Un ministro banalmente humano
En aquel momento, como buen estudiante empeñado en obtener una pasantía de fin de año, abordé al ministro al final de la conferencia, a cuya pregunta acababa él de aportar una respuesta afirmativa. Conversamos sobre su circunscripción de Villeneuve-sur-Lot, lugar que conozco un poco por razones familiares. Le dije luego que me interesaba trabajar con su equipo ministerial para seguir lo más de cerca posible el tema de investigación de mi tesis… sobre los paraísos fiscales. Le hice llegar mi currículum y su oficina me contactó a la semana siguiente.
Esa enorme coincidencia carece de importancia porque finalmente me uní al equipo de Olivier Metzner y nunca llegué a trabajar con Jerome Cahuzac, pero es un buen pretexto para que nos interroguemos sobre el resultado de su juicio en primera instancia y sus posibilidades de éxito cuando presente su recurso contra ese veredicto.
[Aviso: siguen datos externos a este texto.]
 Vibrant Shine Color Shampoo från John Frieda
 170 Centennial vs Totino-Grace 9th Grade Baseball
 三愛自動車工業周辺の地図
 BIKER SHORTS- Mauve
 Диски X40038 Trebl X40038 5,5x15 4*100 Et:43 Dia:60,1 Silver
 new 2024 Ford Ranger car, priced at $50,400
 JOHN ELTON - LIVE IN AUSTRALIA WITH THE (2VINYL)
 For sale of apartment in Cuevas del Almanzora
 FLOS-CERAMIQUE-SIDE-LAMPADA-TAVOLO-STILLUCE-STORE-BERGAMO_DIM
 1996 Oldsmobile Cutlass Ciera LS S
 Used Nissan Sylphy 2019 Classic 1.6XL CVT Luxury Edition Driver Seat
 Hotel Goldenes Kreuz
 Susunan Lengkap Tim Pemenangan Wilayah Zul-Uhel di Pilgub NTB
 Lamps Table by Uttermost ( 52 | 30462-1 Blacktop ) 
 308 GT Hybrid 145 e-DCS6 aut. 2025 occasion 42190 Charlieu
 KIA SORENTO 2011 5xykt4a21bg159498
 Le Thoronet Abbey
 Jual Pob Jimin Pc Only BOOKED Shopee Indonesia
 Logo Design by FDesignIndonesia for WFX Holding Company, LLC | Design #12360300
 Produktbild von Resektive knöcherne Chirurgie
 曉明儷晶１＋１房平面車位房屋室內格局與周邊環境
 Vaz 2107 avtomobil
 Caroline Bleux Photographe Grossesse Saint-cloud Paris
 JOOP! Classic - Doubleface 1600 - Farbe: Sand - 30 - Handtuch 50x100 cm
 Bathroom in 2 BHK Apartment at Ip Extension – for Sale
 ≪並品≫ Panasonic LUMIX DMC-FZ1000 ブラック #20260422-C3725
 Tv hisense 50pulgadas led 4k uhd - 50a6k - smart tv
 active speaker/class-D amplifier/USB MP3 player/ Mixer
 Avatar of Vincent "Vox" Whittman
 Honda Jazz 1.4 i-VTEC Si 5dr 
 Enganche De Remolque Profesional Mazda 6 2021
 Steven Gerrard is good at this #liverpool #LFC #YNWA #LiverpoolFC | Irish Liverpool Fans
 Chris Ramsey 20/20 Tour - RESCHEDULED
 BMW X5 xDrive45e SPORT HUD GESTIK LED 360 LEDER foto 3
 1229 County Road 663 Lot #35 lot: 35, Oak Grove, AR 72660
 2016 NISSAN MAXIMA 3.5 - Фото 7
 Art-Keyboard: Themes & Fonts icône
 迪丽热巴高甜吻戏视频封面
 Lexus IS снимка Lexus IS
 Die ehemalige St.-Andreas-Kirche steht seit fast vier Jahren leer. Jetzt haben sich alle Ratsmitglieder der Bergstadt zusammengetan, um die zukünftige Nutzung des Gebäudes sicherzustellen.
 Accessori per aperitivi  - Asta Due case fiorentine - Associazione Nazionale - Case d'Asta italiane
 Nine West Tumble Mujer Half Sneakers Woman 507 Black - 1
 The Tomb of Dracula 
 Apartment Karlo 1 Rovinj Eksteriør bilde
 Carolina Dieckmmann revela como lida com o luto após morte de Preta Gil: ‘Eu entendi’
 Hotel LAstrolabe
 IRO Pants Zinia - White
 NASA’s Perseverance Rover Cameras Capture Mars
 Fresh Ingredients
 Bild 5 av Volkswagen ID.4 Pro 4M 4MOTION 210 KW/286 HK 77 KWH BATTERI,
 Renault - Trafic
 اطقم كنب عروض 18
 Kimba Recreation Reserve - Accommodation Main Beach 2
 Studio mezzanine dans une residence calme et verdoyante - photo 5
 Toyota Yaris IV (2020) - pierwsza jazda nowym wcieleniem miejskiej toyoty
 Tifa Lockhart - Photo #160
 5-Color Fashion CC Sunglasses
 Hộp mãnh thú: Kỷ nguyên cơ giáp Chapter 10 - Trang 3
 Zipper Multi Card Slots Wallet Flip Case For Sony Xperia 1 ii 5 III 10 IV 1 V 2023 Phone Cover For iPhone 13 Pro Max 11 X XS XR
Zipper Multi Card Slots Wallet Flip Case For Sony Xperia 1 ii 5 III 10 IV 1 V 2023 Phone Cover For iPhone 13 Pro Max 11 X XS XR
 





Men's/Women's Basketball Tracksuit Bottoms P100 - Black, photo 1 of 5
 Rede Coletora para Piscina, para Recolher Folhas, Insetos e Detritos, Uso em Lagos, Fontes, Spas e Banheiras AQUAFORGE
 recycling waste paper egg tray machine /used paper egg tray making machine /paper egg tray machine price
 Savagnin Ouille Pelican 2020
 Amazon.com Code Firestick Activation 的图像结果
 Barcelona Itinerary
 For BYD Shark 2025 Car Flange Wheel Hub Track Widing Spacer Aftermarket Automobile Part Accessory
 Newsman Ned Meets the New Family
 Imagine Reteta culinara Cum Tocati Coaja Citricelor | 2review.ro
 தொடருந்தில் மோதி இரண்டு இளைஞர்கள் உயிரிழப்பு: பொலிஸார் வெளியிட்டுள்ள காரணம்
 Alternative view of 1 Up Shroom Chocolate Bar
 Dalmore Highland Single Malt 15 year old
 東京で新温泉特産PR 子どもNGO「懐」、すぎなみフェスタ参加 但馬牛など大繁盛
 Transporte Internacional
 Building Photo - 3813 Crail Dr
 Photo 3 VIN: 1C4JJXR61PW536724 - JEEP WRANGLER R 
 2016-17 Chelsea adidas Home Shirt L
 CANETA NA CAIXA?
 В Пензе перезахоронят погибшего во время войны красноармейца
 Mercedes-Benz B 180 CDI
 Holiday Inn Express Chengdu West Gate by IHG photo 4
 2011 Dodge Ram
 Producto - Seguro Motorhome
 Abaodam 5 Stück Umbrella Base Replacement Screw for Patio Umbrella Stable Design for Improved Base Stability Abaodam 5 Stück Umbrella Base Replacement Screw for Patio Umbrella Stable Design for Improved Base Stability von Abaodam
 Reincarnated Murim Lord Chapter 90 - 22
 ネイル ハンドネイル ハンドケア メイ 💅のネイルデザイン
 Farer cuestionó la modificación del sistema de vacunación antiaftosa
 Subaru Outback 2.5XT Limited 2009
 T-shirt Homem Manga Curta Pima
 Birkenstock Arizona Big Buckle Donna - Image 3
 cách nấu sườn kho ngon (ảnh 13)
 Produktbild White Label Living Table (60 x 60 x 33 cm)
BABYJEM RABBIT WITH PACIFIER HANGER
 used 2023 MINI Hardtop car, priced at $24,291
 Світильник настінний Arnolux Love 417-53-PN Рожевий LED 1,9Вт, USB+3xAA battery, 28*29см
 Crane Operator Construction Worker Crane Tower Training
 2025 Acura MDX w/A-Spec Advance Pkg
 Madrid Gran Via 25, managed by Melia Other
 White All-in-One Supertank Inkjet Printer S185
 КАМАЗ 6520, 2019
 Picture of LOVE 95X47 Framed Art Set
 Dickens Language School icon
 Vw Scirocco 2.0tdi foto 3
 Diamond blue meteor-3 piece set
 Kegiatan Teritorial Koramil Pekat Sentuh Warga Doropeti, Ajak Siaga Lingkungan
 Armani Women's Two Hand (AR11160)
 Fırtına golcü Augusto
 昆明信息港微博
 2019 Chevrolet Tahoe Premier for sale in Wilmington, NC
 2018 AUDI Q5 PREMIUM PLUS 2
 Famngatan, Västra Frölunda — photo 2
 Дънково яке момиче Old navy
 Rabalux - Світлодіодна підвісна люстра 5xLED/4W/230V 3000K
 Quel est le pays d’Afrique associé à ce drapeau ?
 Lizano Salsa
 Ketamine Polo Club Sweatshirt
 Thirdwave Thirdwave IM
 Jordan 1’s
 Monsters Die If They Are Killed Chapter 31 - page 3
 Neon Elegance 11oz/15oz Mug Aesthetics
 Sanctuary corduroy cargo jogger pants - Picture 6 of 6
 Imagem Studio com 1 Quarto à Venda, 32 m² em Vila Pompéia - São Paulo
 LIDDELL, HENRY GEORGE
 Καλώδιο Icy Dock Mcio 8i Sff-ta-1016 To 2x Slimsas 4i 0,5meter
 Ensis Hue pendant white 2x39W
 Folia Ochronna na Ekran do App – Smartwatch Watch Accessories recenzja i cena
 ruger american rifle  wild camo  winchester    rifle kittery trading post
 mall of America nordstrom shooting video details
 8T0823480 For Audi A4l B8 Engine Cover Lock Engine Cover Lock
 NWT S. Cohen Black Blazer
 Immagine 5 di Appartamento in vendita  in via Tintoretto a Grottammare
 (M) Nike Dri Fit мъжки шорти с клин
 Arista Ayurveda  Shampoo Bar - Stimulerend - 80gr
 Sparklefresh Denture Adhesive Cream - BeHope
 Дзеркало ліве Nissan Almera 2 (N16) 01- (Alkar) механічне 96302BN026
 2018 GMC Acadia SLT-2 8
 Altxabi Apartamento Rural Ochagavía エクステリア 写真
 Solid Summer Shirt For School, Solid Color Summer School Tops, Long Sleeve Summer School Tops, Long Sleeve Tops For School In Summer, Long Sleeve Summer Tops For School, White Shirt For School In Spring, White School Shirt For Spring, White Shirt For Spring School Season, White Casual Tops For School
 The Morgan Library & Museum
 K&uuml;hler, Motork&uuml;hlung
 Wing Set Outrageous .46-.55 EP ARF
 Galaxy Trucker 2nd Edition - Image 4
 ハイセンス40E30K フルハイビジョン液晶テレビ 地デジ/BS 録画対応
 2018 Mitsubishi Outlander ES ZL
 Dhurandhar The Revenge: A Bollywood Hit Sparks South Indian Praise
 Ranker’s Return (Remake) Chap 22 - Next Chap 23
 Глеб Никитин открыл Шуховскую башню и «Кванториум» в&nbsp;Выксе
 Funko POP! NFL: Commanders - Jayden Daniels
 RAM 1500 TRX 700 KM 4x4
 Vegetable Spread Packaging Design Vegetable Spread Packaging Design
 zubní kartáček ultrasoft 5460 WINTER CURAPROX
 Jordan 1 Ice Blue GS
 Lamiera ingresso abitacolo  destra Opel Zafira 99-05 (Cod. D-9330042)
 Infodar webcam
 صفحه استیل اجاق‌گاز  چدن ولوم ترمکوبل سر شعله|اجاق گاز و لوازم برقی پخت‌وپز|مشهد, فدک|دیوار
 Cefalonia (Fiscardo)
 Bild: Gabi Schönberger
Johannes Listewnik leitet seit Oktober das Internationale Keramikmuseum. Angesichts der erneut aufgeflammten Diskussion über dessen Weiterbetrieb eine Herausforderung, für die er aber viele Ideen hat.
No vale la pena volver a mencionar todo lo que ya se ha escrito en la prensa sobre su caso. Sin embargo, un excelente artículo de Hervé Gattegno para Vanity Fair merece que lo citemos aquí. Ese trabajo permite comprender la acentuada preferencia del ministro Cahuzac por la mentira y el drama interno, quien hoy explica:
«No tuve otra opción que mentir a mis amigos. Decirles la verdad era ponerlos ante une alternativa insoportable: o se callaban y yo los convertía así en cómplices, o me denunciaban y nuestra amistad quedaba destruida. En ambos casos, los perdía.»
También dice:
«Llevaba ese secreto enterrado en un rincón de mi mente, pero nunca he sido esquizofrénico. Como ministro del Presupuesto hice mi trabajo sin vacilación. Sabía, por experiencia, cuán fácil es hacer trampa y cuán difícil es resistir a la tentación. Cuando alguien paga en efectivo, hay que ser un héroe para declararlo todo [al fisco]. Yo no fui un héroe. Es por eso que hay que poner límites, instaurar mecanismos de vigilancia y sanciones disuasivas.»
Y precisa:
«Yo construí mi vida política de manera escrupulosamente honesta, intelectual y materialmente. Cuando abrí esa maldita cuenta, no tenía ningún mandato, no era candidato a nada, ni siquiera imaginaba que algún día lo sería. Me convertí en un hombre respetado, escuchado, se me reconocía una competencia, tenía influencia en la política de mi país… Yo hice sacrificios para lograr ese estatus. No podía aceptar que todo fuese destruido por una imbecilidad de hace 20 años…»
La mentira, la ambición, la abnegación y, luego, la decadencia, el miedo y el llanto.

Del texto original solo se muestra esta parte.